Few people can make the claim that they’ve lived on every beach along Malibu’s 21 miles, but in the case of Tony Stearns, it’s true. 

Stearns moved to Malibu around 1970 at the age of six with his father.

“My dad was a Realtor, and he’d often become the caretaker for beach houses that were for sale, and we’d live in them,” he explained. 

Tony’s dad, the Michael of Michael Stearns Real Estate, made a huge splash in LA area publicity when he held a giant auction to sell off the Malibu Pier and 50 other local properties on Feb. 10, 1980 (the pier was still privately owned at the time). The Malibu Times wrote about the auction in a 2005 retrospective (visit bit.ly/PierSale).

Now the owner of Radfish Malibu surf shop at Zuma Beach Plaza, Tony has pretty much always done things his own way. He said he’s the only surf shop owner in Malibu who does his own repairs and can make his own boards.

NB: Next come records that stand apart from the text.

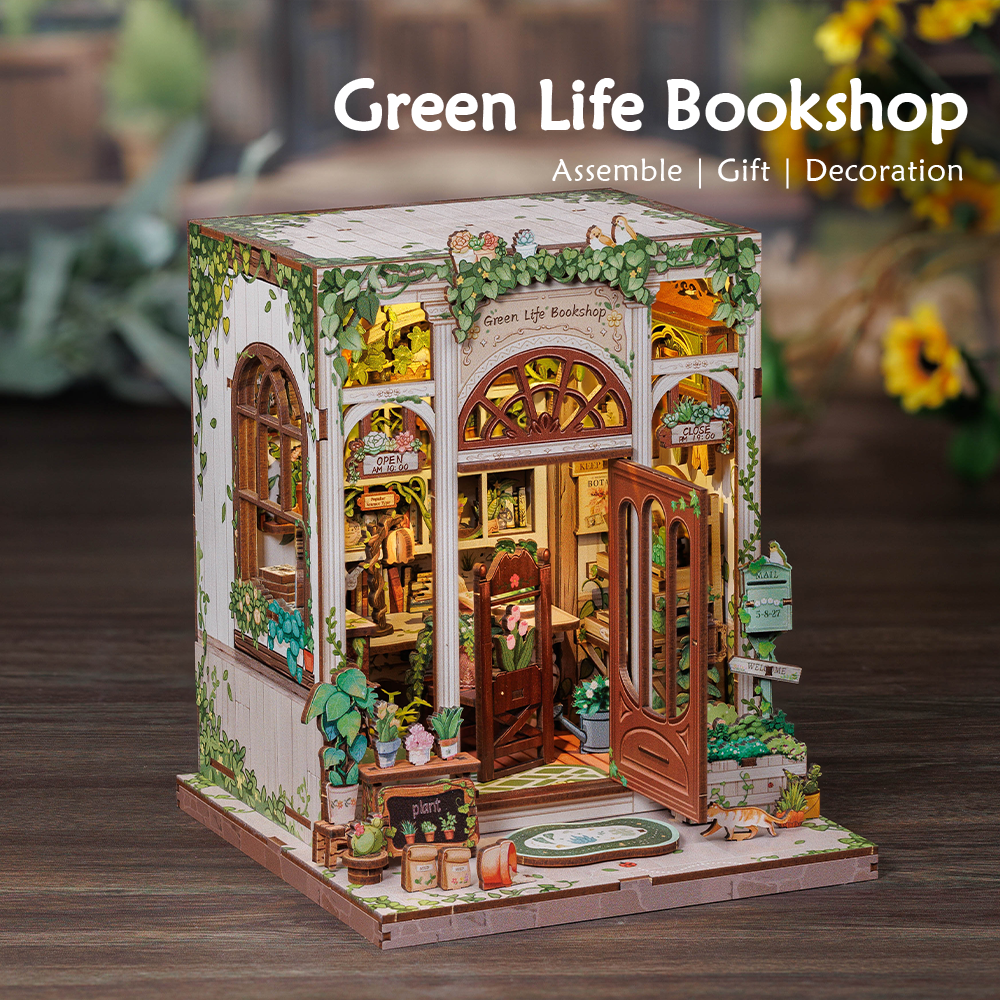 Book Nook - Green Life Bookshop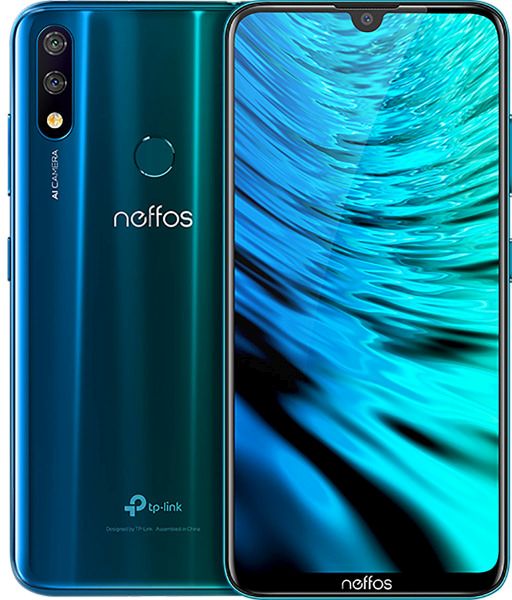 TP-LINK Neffos X20 Pro (зеленый)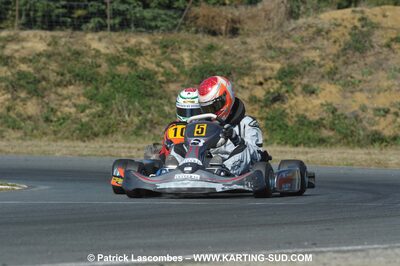 05/09/2010 : 5ème manche du Championnat Régional Open Atlantique 2010 à Layrac (photos Patrick Lascombes) 2010 — karting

His store is as much a museum and a workshop as it is a retail outlet. Surfboards needing repairs are stacked up in several parts of the store, his big yellow house cat has the run of the place, and piles of tools and spray paint cans sit between racks of logo t-shirts, straw hats and beach towels. Among all the decorations and memorabilia hanging down from the ceiling and walls, surprises like neon lights, a disco ball, painted mannequins and an old wooden ship’s figurehead pop out.

But Tony knows where everything is. He has had this retail location—his first time in a storefront—for about five years. Before this, he was working out of a three-car garage, had most of his boards made by a factory in Camarillo and had a big pink and black trailer for sales. He thought the next logical step in growing his business would be to open a storefront.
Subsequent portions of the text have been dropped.